Not sure who is saying this but I'm a bit skeptical as to how true it is. I'm sure in some ways Windows can be more secure, but it's no doubt less secure in other ways. There is no question it is less private.

I don't think you can go wrong with most of the major Linux distributions. Fedora might be more secure than Mint, Debian, Arch, etc. but all would be pretty good I would think. Plenty of security researchers and experts use Linux.

Personally, I wouldn't worry about your setup too much.

Dumdum

WestQuester Not sure who is saying this but I'm a bit skeptical as to how true it is

Certain individuals have said such things.

Plenty of security researchers and experts use Linux.

There's also security researchers who have pointed out its insecurities.

archbtw

Sigismund
I try to keep my threat model as broad as possible. To protect myself from anything from a hacker to state actors as much as I can, to an extent.

I think I understand what those features do. Having more secure boot process protects me mainly from physical cyber attacks but can also help if I get malware. Now, sure, if I get a malware, then I'm screwed, and I want to protect against it mostly with the use of KVM and sandboxing.
I don't install random crap on my pc, but I do have some games which are proprietary, and they will at least be sandboxed (with flatpak's bubblewrap and wine itself).
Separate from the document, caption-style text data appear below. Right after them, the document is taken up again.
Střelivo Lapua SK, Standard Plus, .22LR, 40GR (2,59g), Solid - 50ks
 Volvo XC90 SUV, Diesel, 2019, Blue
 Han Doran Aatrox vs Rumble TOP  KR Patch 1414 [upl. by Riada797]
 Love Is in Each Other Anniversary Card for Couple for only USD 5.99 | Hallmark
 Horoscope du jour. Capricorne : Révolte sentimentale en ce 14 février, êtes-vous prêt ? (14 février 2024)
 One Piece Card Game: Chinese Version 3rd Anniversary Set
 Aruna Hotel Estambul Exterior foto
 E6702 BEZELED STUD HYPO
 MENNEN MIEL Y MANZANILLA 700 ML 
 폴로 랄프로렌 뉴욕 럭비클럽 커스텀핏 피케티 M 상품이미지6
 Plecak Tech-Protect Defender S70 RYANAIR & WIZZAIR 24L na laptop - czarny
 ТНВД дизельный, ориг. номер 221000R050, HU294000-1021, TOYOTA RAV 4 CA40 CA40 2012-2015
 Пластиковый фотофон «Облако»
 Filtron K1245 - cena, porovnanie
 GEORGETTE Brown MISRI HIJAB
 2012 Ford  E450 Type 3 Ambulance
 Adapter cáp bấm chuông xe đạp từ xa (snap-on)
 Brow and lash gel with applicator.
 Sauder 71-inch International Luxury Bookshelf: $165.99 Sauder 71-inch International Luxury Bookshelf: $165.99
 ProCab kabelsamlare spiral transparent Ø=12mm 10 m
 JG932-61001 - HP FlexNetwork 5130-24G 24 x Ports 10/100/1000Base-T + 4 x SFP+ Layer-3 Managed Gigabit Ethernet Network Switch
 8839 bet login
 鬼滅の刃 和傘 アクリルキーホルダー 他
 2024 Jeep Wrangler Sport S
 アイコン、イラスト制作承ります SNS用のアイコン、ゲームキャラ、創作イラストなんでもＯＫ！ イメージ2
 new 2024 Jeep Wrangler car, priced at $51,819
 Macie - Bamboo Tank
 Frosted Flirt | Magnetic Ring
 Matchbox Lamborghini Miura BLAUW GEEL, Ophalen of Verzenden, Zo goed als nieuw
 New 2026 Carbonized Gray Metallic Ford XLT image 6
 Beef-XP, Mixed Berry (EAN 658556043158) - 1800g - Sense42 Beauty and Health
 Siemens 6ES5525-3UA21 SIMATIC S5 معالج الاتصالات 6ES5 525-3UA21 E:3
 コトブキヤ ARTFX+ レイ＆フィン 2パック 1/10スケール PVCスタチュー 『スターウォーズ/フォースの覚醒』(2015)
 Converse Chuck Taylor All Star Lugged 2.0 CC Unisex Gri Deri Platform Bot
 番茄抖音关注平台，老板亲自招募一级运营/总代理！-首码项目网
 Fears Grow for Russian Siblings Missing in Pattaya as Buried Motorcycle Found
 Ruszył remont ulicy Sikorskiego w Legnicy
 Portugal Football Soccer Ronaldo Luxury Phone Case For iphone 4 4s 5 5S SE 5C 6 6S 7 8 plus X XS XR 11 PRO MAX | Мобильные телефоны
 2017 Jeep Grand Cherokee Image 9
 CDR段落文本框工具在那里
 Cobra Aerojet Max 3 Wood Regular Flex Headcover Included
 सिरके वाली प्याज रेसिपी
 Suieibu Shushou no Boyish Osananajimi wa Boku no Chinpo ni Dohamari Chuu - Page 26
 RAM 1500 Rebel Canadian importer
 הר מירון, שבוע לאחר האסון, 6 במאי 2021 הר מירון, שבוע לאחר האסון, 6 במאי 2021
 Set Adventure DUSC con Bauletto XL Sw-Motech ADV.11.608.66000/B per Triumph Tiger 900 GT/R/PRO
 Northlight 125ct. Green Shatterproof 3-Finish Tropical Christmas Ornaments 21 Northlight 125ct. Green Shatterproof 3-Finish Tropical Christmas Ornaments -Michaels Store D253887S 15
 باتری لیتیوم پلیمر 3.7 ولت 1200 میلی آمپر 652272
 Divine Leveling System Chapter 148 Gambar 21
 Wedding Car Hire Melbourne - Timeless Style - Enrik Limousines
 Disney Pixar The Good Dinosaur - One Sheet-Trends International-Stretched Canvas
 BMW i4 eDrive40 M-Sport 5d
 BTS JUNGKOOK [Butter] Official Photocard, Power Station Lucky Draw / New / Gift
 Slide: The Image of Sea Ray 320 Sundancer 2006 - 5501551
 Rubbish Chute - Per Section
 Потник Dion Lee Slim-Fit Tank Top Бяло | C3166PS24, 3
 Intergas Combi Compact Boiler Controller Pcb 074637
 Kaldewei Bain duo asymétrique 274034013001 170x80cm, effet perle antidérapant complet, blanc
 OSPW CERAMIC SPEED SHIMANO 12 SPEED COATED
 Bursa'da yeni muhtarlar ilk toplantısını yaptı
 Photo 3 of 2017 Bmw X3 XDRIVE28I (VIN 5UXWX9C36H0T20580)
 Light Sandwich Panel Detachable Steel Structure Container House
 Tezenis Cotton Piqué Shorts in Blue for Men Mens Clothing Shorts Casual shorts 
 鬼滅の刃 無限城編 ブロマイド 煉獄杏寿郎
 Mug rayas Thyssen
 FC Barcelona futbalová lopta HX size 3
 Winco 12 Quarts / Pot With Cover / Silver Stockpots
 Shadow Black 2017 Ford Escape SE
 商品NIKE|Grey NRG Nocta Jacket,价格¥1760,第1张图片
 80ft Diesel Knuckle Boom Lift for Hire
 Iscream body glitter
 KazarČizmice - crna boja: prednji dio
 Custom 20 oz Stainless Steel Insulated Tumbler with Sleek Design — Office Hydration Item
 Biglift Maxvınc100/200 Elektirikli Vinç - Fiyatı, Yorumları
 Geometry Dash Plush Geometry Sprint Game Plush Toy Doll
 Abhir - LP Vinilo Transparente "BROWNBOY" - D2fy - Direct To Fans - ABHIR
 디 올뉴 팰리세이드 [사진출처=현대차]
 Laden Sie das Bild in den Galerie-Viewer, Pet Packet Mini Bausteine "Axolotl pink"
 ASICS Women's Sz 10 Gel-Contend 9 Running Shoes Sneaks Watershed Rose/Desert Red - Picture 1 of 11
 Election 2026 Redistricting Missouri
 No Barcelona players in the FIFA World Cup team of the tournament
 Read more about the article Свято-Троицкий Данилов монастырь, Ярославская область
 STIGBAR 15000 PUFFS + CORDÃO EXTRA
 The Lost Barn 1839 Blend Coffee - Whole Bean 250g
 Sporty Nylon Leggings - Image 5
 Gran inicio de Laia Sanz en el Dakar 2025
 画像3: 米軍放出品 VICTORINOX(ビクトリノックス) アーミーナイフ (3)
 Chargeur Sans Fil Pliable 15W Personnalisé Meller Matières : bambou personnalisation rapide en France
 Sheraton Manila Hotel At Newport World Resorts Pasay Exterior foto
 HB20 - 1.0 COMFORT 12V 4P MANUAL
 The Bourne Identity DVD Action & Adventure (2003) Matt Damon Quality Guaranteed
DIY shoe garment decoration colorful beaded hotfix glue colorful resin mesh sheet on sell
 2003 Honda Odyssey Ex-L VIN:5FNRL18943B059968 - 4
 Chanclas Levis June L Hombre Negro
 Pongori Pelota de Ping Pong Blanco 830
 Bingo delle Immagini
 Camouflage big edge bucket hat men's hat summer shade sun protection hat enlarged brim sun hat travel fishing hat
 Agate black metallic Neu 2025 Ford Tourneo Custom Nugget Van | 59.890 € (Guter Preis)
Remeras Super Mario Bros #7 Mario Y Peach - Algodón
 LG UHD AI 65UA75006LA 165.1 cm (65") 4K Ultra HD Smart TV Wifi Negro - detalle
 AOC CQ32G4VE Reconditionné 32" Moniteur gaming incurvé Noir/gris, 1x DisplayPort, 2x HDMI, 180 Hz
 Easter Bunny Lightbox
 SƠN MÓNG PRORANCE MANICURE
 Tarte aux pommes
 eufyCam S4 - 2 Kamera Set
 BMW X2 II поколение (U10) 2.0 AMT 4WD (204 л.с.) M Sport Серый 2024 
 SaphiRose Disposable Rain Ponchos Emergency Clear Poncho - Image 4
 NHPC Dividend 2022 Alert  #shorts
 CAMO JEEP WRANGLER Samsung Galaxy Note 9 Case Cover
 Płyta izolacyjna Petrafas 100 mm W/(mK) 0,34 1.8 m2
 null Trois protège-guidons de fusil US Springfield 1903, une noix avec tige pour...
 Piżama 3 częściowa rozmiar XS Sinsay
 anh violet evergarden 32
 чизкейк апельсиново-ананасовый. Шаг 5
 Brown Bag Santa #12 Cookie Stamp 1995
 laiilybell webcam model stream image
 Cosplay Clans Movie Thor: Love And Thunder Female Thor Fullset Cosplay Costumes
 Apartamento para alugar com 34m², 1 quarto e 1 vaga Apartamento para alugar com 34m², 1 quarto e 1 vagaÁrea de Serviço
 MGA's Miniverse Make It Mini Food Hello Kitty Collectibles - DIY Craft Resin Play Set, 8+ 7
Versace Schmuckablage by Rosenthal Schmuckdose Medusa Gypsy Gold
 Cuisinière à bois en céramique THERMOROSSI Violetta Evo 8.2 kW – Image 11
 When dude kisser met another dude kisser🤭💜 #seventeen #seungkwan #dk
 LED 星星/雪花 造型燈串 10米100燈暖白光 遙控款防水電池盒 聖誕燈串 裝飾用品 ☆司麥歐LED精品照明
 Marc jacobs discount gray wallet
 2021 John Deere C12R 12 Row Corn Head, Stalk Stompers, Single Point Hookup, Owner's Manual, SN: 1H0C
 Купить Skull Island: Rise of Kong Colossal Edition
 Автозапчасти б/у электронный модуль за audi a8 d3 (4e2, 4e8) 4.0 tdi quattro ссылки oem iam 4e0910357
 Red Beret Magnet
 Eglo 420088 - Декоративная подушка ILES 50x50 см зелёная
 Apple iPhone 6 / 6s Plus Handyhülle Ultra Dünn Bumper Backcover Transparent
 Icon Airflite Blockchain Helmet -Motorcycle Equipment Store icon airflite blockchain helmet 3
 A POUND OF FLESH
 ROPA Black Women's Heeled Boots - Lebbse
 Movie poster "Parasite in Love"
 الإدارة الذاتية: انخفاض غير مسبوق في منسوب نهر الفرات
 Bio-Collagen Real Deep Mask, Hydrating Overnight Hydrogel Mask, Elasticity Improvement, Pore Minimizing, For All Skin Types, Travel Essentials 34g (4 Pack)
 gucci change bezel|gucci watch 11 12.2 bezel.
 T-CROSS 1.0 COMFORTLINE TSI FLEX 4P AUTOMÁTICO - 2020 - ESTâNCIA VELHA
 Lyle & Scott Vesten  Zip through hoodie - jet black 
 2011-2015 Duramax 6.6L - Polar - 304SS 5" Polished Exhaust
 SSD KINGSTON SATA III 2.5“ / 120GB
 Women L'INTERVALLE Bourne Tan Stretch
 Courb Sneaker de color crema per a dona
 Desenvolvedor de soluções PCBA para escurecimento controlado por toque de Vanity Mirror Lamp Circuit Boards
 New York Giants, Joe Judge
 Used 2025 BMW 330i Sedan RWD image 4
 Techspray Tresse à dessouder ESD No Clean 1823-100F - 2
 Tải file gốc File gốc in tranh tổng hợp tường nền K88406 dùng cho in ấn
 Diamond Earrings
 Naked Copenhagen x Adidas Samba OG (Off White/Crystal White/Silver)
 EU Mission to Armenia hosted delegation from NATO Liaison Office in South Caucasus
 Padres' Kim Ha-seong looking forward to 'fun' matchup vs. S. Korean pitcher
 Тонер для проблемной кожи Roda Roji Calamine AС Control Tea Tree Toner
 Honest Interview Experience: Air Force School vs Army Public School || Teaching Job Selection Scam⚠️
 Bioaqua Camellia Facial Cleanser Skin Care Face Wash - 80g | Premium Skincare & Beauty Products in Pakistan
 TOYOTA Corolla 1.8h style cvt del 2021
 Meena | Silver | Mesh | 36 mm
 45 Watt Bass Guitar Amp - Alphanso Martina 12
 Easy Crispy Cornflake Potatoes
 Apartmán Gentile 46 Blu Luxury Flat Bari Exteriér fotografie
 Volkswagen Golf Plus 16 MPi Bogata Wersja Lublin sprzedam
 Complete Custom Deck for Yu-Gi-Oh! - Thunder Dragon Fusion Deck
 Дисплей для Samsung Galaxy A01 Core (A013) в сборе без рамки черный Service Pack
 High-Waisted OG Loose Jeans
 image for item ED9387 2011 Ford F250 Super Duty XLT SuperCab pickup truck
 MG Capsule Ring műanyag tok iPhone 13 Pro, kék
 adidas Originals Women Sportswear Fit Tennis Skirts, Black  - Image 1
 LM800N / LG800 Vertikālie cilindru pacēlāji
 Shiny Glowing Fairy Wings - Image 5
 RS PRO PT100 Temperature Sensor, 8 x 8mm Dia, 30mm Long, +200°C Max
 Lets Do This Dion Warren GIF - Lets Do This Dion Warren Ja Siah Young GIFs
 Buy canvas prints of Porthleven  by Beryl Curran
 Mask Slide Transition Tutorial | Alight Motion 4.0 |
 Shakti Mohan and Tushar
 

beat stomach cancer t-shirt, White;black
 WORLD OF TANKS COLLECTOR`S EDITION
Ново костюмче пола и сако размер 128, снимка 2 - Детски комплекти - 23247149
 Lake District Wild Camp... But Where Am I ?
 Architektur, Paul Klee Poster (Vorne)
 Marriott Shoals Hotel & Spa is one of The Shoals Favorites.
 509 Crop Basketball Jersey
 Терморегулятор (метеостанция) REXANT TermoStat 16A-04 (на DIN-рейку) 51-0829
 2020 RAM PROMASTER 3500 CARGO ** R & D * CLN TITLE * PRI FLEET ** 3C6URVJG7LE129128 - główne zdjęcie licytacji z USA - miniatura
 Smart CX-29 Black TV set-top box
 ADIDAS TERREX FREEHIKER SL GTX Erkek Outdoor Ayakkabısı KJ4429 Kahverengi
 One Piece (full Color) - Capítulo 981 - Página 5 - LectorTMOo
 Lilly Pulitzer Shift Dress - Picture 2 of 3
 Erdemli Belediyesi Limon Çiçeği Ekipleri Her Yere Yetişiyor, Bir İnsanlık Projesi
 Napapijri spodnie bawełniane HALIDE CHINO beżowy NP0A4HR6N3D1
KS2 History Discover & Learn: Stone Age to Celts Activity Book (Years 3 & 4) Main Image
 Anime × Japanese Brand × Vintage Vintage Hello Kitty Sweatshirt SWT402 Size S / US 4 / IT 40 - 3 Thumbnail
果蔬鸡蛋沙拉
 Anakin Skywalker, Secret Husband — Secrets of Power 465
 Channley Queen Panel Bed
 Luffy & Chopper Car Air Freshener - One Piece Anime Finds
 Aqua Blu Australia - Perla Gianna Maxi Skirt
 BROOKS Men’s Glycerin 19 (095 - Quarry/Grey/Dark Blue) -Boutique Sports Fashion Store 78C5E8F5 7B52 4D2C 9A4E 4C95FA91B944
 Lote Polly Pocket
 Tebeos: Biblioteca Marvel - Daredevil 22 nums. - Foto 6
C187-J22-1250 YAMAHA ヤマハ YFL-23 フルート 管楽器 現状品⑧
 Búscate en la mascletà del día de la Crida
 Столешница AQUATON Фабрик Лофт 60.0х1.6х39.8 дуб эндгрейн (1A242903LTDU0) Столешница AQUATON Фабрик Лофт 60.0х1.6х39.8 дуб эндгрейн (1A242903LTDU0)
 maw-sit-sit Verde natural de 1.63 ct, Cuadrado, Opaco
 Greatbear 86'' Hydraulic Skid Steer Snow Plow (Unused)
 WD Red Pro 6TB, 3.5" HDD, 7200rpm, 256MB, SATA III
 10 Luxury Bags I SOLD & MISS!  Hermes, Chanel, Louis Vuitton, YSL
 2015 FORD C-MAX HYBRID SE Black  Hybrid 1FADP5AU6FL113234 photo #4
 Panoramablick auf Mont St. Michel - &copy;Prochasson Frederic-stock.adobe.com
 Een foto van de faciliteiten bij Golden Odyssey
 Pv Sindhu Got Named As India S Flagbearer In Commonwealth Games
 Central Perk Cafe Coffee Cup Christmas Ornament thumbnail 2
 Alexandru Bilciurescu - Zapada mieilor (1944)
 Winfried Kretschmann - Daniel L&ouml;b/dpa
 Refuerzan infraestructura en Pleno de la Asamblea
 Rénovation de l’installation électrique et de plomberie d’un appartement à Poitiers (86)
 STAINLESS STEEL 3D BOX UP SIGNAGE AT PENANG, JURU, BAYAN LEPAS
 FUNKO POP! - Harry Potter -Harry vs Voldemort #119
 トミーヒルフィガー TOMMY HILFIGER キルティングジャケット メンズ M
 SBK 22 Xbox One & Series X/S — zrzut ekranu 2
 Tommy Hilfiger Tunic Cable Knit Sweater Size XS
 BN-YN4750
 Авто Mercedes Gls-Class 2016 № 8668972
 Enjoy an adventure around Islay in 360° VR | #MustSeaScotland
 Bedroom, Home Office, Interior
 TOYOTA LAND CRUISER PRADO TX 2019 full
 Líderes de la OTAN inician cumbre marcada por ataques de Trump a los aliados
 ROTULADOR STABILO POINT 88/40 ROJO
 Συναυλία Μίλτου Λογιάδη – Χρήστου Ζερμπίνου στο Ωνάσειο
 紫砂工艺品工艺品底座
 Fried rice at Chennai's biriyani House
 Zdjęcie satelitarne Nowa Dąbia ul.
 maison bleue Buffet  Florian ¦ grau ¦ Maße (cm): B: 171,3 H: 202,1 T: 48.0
I get that security is not simple nor binary. But with the broad threat model, I try to cover everything.

WestQuester

Dumdum Certain individuals have said such things.

Only that's not what they said. Pointing out ways in which an OS could be more secure does not imply a comparative advantage of another OS that wasn't even mentioned.

As the OP said, solutions would be nice rather than simply pointing out problems.

archbtw

Also, I do think it's a "must-have" to have at least somewhat secured boot. We are on a GrapheneOS forum and I hear a lot about how important the verified boot is, and why we shouldn't use stuff like LineageOS (even though I did many times).

Sigismund

archbtw it's easier to tamper with a phone than desktop. But I'll leave it at that. You have quite high expectations, yet your approach is (imho) incorrect in regards to what your threat model is .

archbtw

Sigismund
Why is it incorrect?

I do not know who could attack me, so I cannot simply focus on a specific group, and therefore I have to try to defend from anything from a malicious friend, to a state actor.

Sigismund

archbtw I do not know who could attack me, so I cannot simply focus on a specific group,

Sure you do. That's what threat model is for.

archbtw defend from anything from a malicious friend, to a state actor.

Good luck with that.

n3t_admin

archbtw try to cover the basics.

archbtw a state actor

Pick one. You really should read up on threat modeling first. It's a complicated topic, but what you are doing right now is pointless. It's like saying "I'm trying to protect my house". From what? An earthquake? A fire? Burglars? A nuclear strike? That will pretty much determine what you need to do. The same applies for cybersecurity. Determine a clear path, then move forward. You can't really protect yourself from "everyone", unless you want to live a very uncomfortable life.

archbtw

It's a complicated task sure, but anyone could attack really. Especially with the governments now using malware for surveillance of people.